Re: Tips on how to perform this regex query
by roboticus (Chancellor) on Jan 11, 2014 at 10:23 UTC

      Sorry roboticus, but what do you think running one of those 'edit distance' algorithms on the two strings will actually tell the OP?

      To save time, I'll tell you. Ta-dah:

      1073!

      Which means what?

      My best guess:

      The best interpretation is that is a fuzzy measure of the difference in length of the two strings (actually 1069).

      Which mean that a simple: print length( $bigstring ) - length( $smallstring ); would be more accurate and about a million times faster.

      It doesn't tell him how different they are, nor where the best match occurs,

      Not even if the shorter actually appears in the larger to any meaningful measure of the term.


      With the rise and rise of 'Social' network sites: 'Computers are making people easier to use everyday'
      Examine what is said, not who speaks -- Silence betokens consent -- Love the truth but pardon error.
      "Science is about questioning the status quo. Questioning authority".
      In the absence of evidence, opinion is indistinguishable from prejudice.
Re: Tips on how to perform this regex query
by Laurent_R (Canon) on Jan 11, 2014 at 11:08 UTC

    Jarkko Hietaniemi's String::Approx module is certainly your best bet to start with. In addition to the links provided by Roboticus, the following modules might provide some ideas of algorithms that could be used: Text::Metaphone and Text::Soundex.

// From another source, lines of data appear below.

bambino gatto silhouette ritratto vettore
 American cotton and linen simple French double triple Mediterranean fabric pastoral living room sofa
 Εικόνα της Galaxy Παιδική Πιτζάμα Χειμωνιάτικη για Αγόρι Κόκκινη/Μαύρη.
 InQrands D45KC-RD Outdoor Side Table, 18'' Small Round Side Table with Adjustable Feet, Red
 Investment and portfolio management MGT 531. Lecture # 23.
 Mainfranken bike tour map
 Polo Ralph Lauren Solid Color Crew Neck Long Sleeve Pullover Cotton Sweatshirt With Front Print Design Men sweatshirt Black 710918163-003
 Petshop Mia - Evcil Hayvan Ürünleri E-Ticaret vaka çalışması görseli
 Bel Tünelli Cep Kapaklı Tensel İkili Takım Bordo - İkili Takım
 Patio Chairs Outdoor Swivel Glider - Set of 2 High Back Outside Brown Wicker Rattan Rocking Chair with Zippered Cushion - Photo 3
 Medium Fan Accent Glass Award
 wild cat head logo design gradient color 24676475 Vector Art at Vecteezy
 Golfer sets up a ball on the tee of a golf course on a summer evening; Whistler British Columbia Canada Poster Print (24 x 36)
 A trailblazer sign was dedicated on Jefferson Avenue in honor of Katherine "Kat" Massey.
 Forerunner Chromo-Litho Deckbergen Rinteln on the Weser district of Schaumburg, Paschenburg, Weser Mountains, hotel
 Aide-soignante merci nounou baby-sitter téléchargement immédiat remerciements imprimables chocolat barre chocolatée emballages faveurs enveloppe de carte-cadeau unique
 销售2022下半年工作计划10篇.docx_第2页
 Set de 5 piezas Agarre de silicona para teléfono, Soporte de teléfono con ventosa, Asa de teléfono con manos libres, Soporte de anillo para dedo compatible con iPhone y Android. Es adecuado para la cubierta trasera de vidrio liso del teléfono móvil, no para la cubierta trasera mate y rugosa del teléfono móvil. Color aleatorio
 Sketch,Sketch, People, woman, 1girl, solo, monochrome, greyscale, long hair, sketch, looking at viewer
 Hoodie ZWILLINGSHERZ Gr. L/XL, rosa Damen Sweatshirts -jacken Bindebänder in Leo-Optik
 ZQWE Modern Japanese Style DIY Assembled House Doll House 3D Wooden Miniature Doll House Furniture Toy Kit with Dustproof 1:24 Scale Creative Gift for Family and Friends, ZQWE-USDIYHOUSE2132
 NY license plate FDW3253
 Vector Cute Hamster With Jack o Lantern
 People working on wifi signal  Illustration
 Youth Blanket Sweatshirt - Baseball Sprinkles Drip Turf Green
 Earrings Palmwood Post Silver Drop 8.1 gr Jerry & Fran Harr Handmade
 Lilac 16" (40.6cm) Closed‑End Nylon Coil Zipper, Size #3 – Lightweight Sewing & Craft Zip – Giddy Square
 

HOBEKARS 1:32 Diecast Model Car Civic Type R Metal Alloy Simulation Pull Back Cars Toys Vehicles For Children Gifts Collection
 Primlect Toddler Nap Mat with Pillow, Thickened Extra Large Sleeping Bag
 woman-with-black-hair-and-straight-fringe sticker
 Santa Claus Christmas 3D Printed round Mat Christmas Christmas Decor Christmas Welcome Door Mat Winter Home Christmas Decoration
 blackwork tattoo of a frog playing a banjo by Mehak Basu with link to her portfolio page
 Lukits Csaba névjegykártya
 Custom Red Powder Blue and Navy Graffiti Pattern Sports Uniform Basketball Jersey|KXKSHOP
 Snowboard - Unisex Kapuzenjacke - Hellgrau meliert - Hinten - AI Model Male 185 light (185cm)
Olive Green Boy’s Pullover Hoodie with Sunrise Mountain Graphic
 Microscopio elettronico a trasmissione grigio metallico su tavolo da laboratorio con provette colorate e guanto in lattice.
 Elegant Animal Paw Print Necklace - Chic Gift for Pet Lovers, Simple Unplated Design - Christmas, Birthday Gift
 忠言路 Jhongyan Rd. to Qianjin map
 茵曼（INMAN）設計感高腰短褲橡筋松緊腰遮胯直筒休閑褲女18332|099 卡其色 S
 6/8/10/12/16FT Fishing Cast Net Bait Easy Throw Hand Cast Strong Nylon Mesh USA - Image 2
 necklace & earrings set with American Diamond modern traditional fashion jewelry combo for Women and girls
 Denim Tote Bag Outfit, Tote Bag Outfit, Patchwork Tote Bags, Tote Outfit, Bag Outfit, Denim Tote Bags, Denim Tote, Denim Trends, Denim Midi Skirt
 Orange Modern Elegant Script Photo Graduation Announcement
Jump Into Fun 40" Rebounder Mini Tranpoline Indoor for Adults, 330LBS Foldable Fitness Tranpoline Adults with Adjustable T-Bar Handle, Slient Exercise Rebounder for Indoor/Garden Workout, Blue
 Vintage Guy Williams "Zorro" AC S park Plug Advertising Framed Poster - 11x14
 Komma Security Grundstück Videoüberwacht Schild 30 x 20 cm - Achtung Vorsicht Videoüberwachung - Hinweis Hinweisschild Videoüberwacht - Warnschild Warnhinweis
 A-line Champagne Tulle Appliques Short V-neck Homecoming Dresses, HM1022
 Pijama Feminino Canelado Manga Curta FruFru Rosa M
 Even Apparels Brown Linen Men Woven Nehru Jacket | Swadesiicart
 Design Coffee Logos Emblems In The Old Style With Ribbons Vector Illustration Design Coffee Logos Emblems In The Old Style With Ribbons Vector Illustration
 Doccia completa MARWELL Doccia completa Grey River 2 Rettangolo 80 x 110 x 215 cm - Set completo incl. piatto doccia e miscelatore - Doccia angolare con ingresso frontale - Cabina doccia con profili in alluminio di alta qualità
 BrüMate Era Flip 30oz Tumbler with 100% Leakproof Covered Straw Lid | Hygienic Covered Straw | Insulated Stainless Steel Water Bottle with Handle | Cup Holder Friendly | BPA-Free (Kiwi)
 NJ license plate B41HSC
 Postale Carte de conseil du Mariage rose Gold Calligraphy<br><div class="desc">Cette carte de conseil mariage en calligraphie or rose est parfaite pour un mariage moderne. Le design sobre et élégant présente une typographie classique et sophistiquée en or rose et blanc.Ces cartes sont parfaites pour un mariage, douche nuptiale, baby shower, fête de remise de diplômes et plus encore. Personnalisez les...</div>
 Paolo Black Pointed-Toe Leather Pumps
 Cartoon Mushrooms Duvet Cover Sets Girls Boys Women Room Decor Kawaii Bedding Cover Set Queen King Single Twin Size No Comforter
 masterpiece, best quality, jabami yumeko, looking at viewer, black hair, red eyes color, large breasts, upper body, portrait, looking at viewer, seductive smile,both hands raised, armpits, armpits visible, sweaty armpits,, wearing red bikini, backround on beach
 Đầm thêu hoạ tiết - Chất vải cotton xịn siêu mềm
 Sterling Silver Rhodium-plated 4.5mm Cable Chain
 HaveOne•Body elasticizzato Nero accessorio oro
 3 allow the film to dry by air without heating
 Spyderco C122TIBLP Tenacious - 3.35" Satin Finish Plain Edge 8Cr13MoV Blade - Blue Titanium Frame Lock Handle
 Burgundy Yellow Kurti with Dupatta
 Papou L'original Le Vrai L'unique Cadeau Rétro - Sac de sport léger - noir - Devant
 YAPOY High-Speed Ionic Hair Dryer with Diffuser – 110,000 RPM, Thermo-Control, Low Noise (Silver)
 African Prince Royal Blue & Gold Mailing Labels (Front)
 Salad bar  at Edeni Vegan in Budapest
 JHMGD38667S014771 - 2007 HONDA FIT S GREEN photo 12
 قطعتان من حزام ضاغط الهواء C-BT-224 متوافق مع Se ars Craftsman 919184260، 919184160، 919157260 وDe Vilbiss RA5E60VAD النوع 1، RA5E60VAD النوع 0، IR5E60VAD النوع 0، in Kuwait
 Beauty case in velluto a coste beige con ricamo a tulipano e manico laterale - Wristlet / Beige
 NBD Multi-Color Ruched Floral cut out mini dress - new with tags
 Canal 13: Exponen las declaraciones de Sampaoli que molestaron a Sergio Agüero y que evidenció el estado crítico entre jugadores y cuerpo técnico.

    Chapter 9 ("Strings") of Algorithms with Perl (Orwant, Hietaniemi, Macdonald) covers in some details some of the techniques that may be used. Otherwise, Simon Cozen's Advanced Perl Programming and John Orwant's Computer Science & Perl Programming both have a chapter briefly covering related techniques. (All three books are published by O'Reilly.)

Re: Tips on how to perform this regex query (100% matched)
by BrowserUk (Patriarch) on Jan 11, 2014 at 23:47 UTC

    Hm. I suspect that your "more than 90% of the small string is included in the bi[g] string." can not be arrived at by 'wildcarding' some number of characters in your small string -- as is implied by your "with some letters of it missing..." suggestion.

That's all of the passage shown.